*Prompt*. Instruction for the entries that follow: retype exactly the lines from the line with "1/3 Carat Blue" to the line with "Broche de perlas", both included, and omit all others.

*Records to process*.
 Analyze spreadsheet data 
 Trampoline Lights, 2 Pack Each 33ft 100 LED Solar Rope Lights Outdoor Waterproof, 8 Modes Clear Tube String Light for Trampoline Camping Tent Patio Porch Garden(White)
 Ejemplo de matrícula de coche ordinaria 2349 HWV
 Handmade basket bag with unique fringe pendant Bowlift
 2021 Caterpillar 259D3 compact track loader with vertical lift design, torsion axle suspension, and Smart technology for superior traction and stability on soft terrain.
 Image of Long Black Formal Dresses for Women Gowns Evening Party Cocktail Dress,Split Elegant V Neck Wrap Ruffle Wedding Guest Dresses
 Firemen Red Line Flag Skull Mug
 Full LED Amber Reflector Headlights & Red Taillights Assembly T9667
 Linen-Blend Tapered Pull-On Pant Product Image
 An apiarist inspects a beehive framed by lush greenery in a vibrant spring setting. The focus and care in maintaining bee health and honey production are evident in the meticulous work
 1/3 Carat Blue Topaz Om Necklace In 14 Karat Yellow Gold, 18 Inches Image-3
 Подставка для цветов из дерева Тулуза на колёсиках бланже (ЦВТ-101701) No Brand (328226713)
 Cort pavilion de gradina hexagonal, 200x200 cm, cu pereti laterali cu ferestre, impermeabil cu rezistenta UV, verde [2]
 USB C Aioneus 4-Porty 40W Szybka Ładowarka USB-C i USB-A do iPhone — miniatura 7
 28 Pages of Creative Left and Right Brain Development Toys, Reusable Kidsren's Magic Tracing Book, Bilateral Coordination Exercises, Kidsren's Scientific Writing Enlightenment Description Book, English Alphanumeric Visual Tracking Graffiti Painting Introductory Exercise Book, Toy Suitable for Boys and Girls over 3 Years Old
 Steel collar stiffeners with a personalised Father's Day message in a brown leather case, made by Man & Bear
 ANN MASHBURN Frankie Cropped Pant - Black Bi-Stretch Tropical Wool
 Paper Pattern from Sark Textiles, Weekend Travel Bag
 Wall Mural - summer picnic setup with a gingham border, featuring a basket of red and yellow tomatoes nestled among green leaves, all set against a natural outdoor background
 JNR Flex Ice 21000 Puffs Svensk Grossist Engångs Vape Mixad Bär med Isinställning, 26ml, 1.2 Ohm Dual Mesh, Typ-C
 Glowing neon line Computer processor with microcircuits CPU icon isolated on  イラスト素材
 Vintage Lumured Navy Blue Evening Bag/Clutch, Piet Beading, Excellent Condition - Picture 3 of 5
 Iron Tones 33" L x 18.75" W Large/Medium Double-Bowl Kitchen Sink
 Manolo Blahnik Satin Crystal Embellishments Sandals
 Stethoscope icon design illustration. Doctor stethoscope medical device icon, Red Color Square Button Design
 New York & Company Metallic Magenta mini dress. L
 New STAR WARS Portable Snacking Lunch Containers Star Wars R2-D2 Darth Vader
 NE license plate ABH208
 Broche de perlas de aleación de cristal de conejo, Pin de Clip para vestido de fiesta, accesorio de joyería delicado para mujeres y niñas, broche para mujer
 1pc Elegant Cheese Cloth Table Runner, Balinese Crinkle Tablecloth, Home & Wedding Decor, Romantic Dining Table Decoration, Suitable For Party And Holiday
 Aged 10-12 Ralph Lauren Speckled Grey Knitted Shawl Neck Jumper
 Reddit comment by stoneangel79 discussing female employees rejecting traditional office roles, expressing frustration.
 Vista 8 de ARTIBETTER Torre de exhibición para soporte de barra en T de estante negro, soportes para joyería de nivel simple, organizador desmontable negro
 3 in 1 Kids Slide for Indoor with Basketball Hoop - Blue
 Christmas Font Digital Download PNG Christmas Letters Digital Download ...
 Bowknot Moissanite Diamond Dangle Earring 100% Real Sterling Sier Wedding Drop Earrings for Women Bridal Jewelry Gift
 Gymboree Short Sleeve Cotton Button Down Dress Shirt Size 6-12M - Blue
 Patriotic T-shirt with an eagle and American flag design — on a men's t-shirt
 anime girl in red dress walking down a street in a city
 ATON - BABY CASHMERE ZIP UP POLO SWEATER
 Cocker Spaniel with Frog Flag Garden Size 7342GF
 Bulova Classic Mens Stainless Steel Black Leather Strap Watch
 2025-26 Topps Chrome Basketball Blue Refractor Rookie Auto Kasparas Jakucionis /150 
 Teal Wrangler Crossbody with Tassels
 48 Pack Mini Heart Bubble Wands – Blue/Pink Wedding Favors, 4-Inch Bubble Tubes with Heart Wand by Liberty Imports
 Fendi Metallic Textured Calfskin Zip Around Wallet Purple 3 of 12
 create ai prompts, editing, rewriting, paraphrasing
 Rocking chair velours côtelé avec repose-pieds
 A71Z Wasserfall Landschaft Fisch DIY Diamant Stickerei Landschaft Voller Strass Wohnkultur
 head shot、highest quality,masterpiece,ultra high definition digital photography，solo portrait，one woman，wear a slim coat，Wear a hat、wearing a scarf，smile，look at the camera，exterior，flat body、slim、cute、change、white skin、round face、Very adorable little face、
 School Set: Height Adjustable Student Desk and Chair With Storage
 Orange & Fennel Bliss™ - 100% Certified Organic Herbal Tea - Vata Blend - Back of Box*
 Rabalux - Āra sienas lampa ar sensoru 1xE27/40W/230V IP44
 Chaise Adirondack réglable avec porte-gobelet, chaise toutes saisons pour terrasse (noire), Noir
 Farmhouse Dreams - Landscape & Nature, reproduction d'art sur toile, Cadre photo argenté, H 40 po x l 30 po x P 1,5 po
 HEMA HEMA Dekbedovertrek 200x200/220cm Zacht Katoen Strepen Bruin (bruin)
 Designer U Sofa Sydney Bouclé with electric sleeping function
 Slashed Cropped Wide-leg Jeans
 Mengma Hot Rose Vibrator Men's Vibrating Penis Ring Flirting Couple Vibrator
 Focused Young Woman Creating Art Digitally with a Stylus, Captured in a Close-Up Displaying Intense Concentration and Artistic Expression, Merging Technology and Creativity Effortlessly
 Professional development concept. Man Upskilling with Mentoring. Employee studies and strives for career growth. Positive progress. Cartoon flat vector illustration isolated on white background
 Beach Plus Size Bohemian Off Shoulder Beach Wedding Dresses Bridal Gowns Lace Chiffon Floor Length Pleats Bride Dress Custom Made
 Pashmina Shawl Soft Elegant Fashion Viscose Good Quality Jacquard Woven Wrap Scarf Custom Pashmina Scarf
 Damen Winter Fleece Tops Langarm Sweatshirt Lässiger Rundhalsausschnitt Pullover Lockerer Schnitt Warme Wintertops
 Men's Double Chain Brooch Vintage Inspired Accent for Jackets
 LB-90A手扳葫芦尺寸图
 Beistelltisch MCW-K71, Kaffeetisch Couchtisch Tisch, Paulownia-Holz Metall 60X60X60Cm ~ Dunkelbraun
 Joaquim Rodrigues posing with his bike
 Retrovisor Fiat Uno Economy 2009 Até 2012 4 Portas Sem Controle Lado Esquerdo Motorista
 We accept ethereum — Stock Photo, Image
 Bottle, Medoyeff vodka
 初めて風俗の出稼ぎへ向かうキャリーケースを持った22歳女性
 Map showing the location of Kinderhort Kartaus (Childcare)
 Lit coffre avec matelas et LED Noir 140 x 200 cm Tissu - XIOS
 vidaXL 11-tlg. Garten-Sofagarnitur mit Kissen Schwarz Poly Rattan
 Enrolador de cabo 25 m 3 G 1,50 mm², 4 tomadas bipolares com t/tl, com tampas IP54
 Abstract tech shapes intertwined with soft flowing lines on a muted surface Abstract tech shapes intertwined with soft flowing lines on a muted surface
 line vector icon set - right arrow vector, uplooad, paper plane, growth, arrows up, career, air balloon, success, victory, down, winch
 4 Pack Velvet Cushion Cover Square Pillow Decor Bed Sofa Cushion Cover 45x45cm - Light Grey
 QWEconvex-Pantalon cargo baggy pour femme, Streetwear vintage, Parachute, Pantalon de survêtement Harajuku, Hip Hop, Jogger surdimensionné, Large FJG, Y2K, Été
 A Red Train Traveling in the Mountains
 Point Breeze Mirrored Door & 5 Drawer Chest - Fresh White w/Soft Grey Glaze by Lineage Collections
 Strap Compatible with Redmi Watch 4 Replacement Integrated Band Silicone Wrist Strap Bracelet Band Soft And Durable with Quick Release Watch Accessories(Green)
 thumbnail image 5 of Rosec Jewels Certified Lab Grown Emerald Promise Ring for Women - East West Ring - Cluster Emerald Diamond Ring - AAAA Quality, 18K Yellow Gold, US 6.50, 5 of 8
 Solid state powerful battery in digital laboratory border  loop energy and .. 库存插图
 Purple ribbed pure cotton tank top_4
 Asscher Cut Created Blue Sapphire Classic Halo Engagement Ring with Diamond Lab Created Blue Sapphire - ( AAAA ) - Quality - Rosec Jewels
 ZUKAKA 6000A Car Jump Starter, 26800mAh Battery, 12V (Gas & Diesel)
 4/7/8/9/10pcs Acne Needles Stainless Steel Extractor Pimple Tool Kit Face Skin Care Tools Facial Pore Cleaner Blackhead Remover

*Expected answer*.
 1/3 Carat Blue Topaz Om Necklace In 14 Karat Yellow Gold, 18 Inches Image-3
 Подставка для цветов из дерева Тулуза на колёсиках бланже (ЦВТ-101701) No Brand (328226713)
 Cort pavilion de gradina hexagonal, 200x200 cm, cu pereti laterali cu ferestre, impermeabil cu rezistenta UV, verde [2]
 USB C Aioneus 4-Porty 40W Szybka Ładowarka USB-C i USB-A do iPhone — miniatura 7
 28 Pages of Creative Left and Right Brain Development Toys, Reusable Kidsren's Magic Tracing Book, Bilateral Coordination Exercises, Kidsren's Scientific Writing Enlightenment Description Book, English Alphanumeric Visual Tracking Graffiti Painting Introductory Exercise Book, Toy Suitable for Boys and Girls over 3 Years Old
 Steel collar stiffeners with a personalised Father's Day message in a brown leather case, made by Man & Bear
 ANN MASHBURN Frankie Cropped Pant - Black Bi-Stretch Tropical Wool
 Paper Pattern from Sark Textiles, Weekend Travel Bag
 Wall Mural - summer picnic setup with a gingham border, featuring a basket of red and yellow tomatoes nestled among green leaves, all set against a natural outdoor background
 JNR Flex Ice 21000 Puffs Svensk Grossist Engångs Vape Mixad Bär med Isinställning, 26ml, 1.2 Ohm Dual Mesh, Typ-C
 Glowing neon line Computer processor with microcircuits CPU icon isolated on  イラスト素材
 Vintage Lumured Navy Blue Evening Bag/Clutch, Piet Beading, Excellent Condition - Picture 3 of 5
 Iron Tones 33" L x 18.75" W Large/Medium Double-Bowl Kitchen Sink
 Manolo Blahnik Satin Crystal Embellishments Sandals
 Stethoscope icon design illustration. Doctor stethoscope medical device icon, Red Color Square Button Design
 New York & Company Metallic Magenta mini dress. L
 New STAR WARS Portable Snacking Lunch Containers Star Wars R2-D2 Darth Vader
 NE license plate ABH208
 Broche de perlas de aleación de cristal de conejo, Pin de Clip para vestido de fiesta, accesorio de joyería delicado para mujeres y niñas, broche para mujer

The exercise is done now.